▶ _What is required_
Omitting all images, transcribe the listing word for word.

▶ _Dataset records_
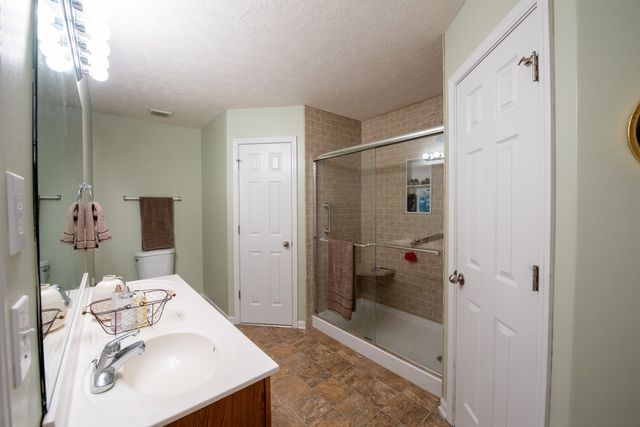 601 Fall Creek Dr, Murfreesboro, TN 37129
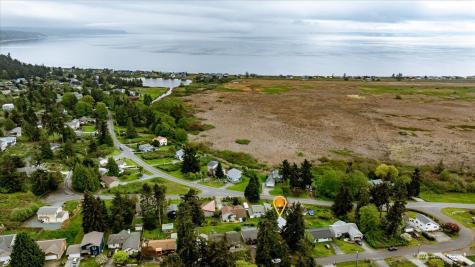 1060 Halsey Drive Coupeville WA 98239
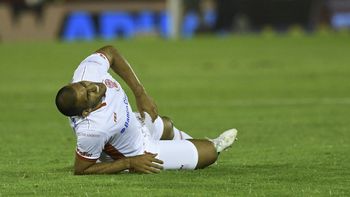 Wanchope Ábila se retuerce de dolor Wanchope Ábila se retuerce de dolor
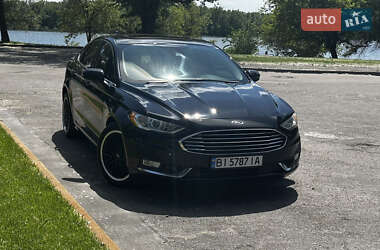 Седан Ford Fusion 2018 в 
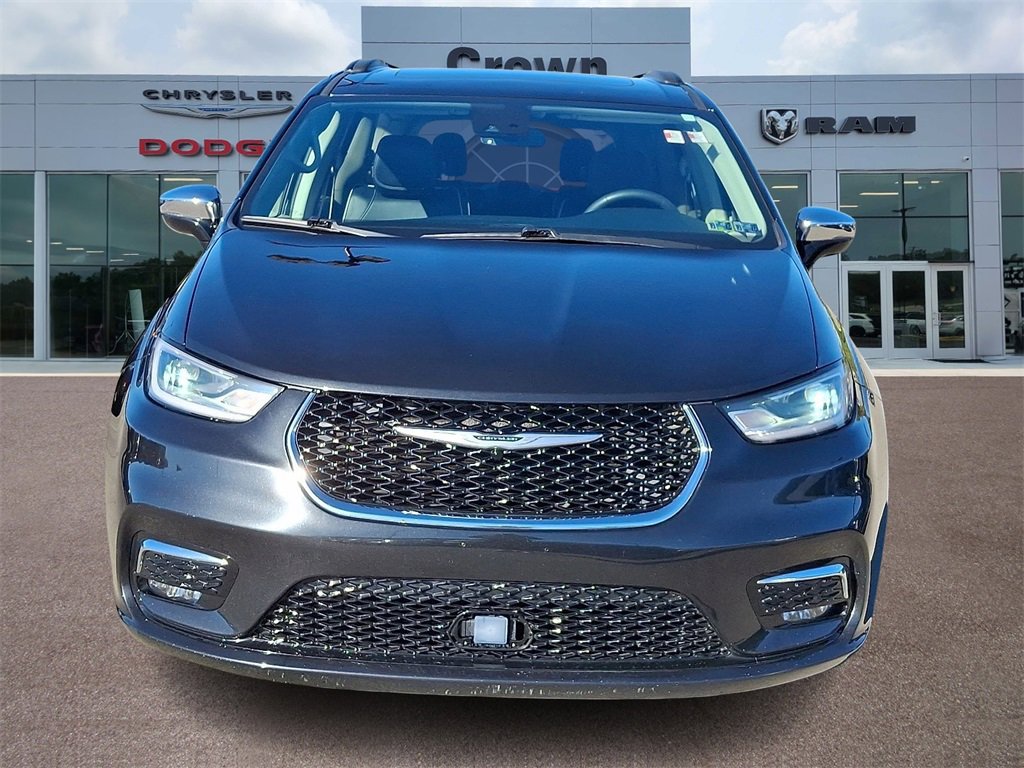 Used 2023 Chrysler Pacifica Limited image 2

▶ _Response box_
 601 Fall Creek Dr, Murfreesboro, TN 37129
 1060 Halsey Drive Coupeville WA 98239
 Wanchope Ábila se retuerce de dolor Wanchope Ábila se retuerce de dolor
 Седан Ford Fusion 2018 в 
 Used 2023 Chrysler Pacifica Limited image 2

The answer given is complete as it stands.